Erstnotiz
Fulminante Börsenpremiere der Bank of Beijing

In China hat eine weitere Großbank ein spektakuläres Börsendebüt hingelegt. Dank des riesigen Appetits der Investoren schossen die Aktien der Bank of Beijing (Bank von Peking) am ersten Handelstag am Mittwoch gegenüber um mehr als 80 Prozent zum Ausgabepreis in die Höhe.

HB SCHANGHAI. Investoren hatten bei der Zeichnung Aktien im Wert von 250 Mrd. Dollar geordert, obwohl nur Papiere für zwei Mrd. zum Verkauf standen - eine 125-fache Überzeichnung. Die Nachfrage war ein Rekord für einen Shanghaier Börsengang, der aber mittlerweile bei den Vorbereitungen eines weiteren Bank-Börsengangs übertroffen wurde.

Experten sehen dank des anhaltenden Wirtschaftsbooms riesige Wachstumsmöglichkeiten für die Banken des Landes.
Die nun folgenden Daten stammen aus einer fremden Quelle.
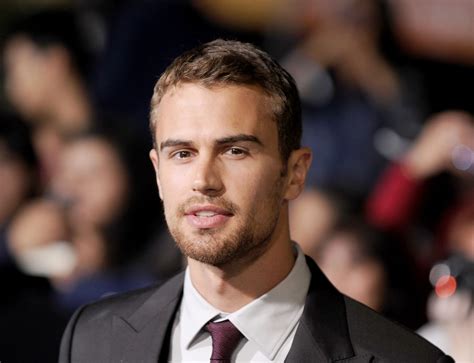 Theo James Talks Filming 'The White Lotus' Season 2 Nude Scene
Die Bank hatte ihre Papiere zu einem Preis von 12,50 Yuan zugeteilt, der Schlusskurs vom Mittwoch lautete 22,68 Yuan. Analyst Wu Yonggang von Guotai Junan Securities erläuterte den Optimismus der Anleger: „Die Bank of Beijing wird im Vergleich zu ihren Rivalen schneller wachsen, weil sie in der chinesischen Hauptstadt sitzt und im kommenden Jahr besonders von den Olympischen Spielen profitieren wird.“

Die Bank of Beijing hat in Peking bei Einlagen einen Marktanteil von knapp acht Prozent und bei Krediten von knapp elf Prozent. Größter Einzelaktionär ist der niederländische Finanzkonzern ING, dessen Anteil durch den IPO auf gut 16 von zuvor knapp 20 Prozent sank. Das Sagen bei dem Institut haben aber diverse staatliche Eigner, die gemeinsam einen deutlich größeren Anteil halten.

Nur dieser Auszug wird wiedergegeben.